To date, most of the focus on what a woman drinks headed into IVF has been placed on caffeine or alcohol. Less attention has been paid to the specific types of beverages a woman drinks, let alone isolating out important variables like sugar intake.
Details of This Study:
The team at Brigham and Women’s Hospital in Boston prospectively studied the beverage intakes and outcomes for 340 IVF patients. The clinicians meticulously characterized both beverage volume and type and accounted for not just interim outcomes (e.g. number of oocytes retrieved) but went all the way to live birth rate (LBR) per cycle, which we consider to be crucial.
What the Study Showed
Women who consumed one cup of sugarated soda per day had dramatically lower numbers of oocytes created, quality embryos produced, and in turn, significantly lower live birth rates (12 - 16% lower on an absolute basis, which is meaningful) per cycle. The findings comfortably met statistical significance and yet this effect was not seen with diet soda.
While other beverages like caffeinated tea, energy drinks and instant coffee were linked with fewer eggs retrieved or fertilized, their consumption did not correlate with any decreased likelihood of success during IVF. In addition, the investigators concluded increased consumption of caffeinated beverages did not impact IVF success rates. While this was something of a surprise, it’s now the third major study that has arrived at a similar conclusion.
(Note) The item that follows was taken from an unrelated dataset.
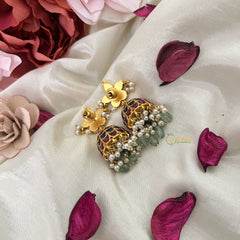 Vriksham Antique Floral Kundan Jadau Jhumka-Red Green-Aqua Green Bead-Pearls-J3212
The issues with this study are that the patient population may not represent the general IVF population. The average age of this population was 32 years old with a low BMI (23). What’s more, within some categories of beverage consumption (e.g. energy drinks) the sample size was low (fewer than 40 women studied) and so teasing out an effect (if one exists) is challenging. That said, this is amongst the better conducted studies we’ve seen on the subject to date.